Она видела, что он узнал ее, – на лице испуг сменился удивлением, потом надеждой, как маски в телевизионной комедии. Он неуклюже выдвинулся вперед, устремляясь к ней, и, запинаясь, сказал по-английски:
– Привет, я… простите, что… я не знаю их языка, как вы и говорили.
Она чуть отступила назад, чтобы сохранить между ним и собой прежнее расстояние.
– Лорд Горн, – сказала она, – когда я здесь, то говорю на здешнем языке.
Этот захватчик и девица с бледным личиком мадонны так и уставились на нее, а Хозяин весь как-то подобрался, словно ястреб, – она заметила это по особому наклону его головы. Но Горн ничего ей не ответил; он только своим обычным долгим взглядом посмотрел на Хозяина. Повисла какая-то странная, тягостная тишина.
– Он не умеет говорить на нашем языке, – выдержав паузу, сказал старый Лорд. – Может быть, ты поможешь нам поговорить с ним?
Хозяин не подал ей никакого знака. И мрачное выражение на лице Лорда Горна было требовательным. Нехотя и не слишком вежливо она повернулась к захватчику, не глядя на него, уставясь в натертый пол перед его ногами – обутыми в теннисные туфли огромного размера и грязные, – сказала:
– Они хотят, чтобы я вам переводила. Говорите.
– Я знаю, вам неприятно, что я здесь, – произнес он. – Наверно, здесь я и впрямь чужак. Не знаю. Меня зовут Хью Роджерс.

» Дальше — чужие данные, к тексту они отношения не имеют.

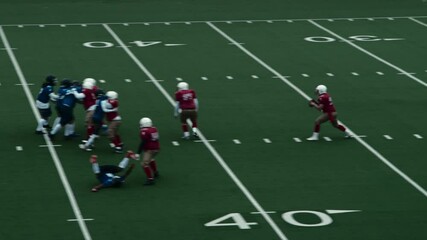 American Football Players Face Each Other On the Field. Game Starts and an Athlete Making a Quick Pass that is Caught By an Opponent, Runner Begins to Advance and Scores Points. Team Celebrate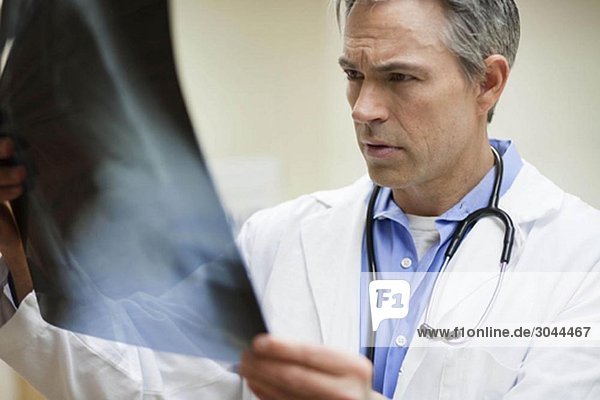 Male Doctor looking at x-ray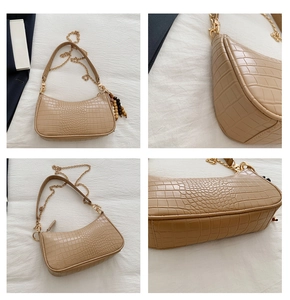 Detail view of beige crocodile embossed baguette bag with metal chain and wooden bead tassel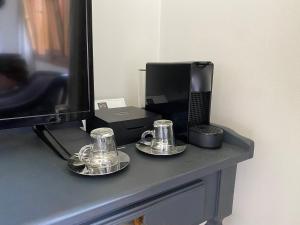 Příslušenství pro přípravu čaje a kávy v ubytování Casa Molino Hotel Boutique & Restaurant Puerto Varas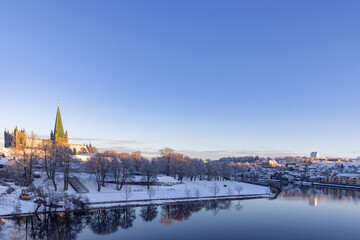 Fototapeta premium Walking along the Nidelven (river) on a cold winter's day in Trondheim city, Trøndelag, Norway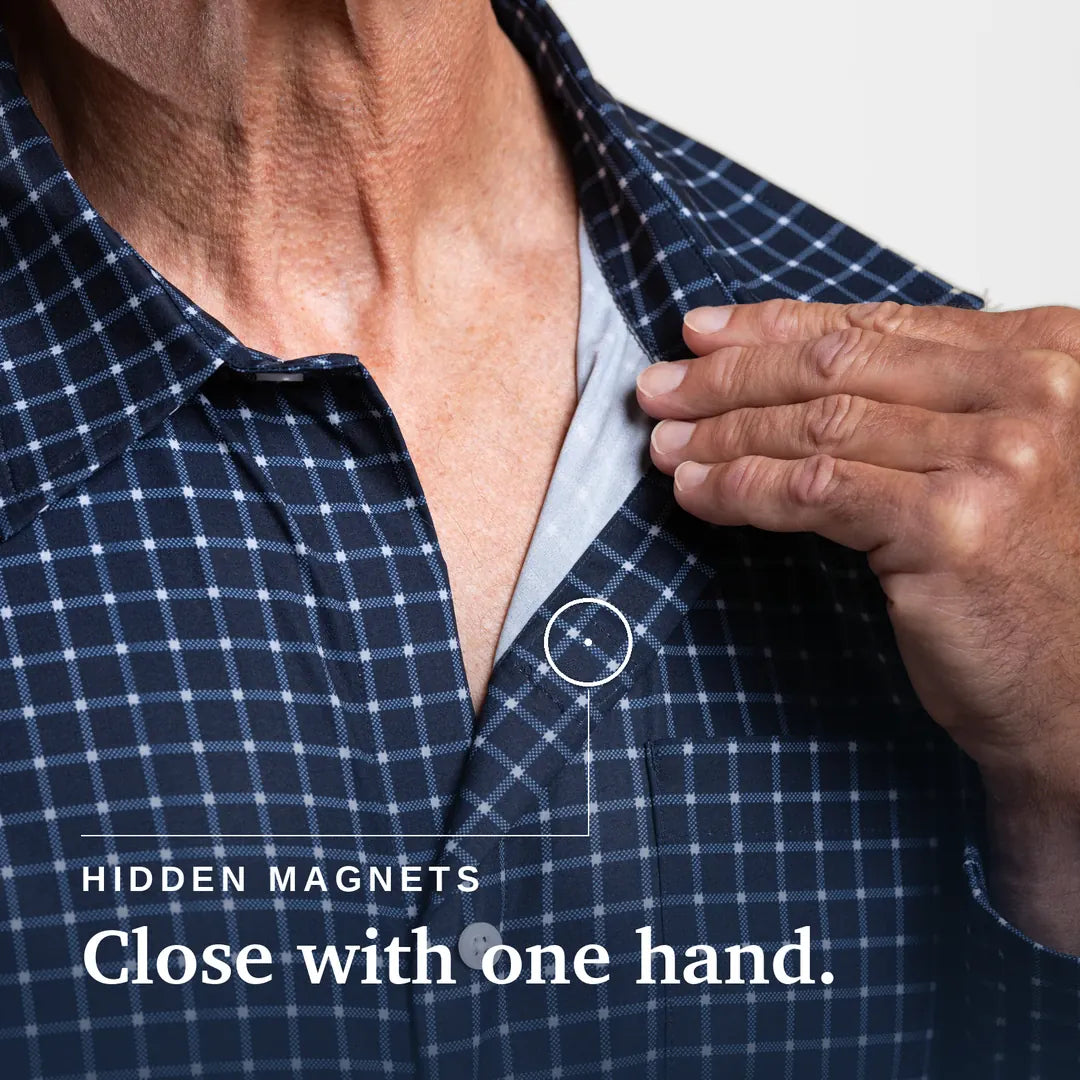 Close-up of a man's neck and chest wearing a navy and white plaid button-up shirt, with his hand reaching toward a small hidden magnet near the collar. Text on the image reads 'HIDDEN MAGNETS Close with one hand. Joe & Bella Everyday Magnetic Button-Down for Men | Relaxed-Fit #Navy Check
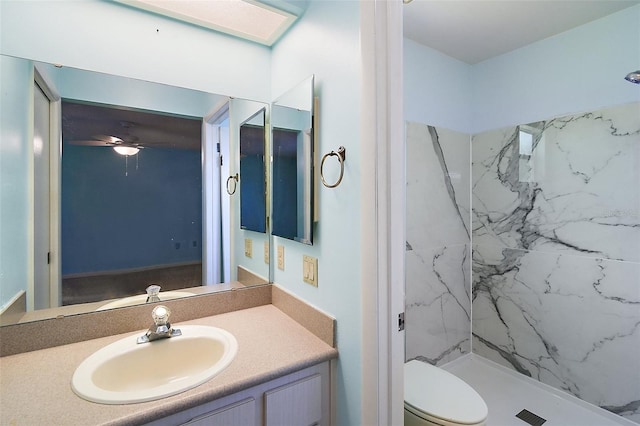 5618 Rosewall Cir, Leesburg, FL 34748 - full bath with a marble finish shower, toilet, vanity, a ceiling fan, and a skylight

Если вы будете переводить для них что-нибудь из того, что я сейчас говорю, то еще скажите «спасибо». Они были ко мне очень добры.
Он запнулся, и она услышала, как в горле у него что-то булькнуло.
– Он говорит, что попал сюда по ошибке, – сказала она, поворачиваясь к Лорду Горну, но по-прежнему глядя в пол. – Он хотел бы поблагодарить вас за доброту. – Она старалась говорить безразличным тоном, как автомат.
– Мы рады ему, трижды рады.
– Он говорит, что вам здесь рады, – без всякого выражения произнесла она по-английски.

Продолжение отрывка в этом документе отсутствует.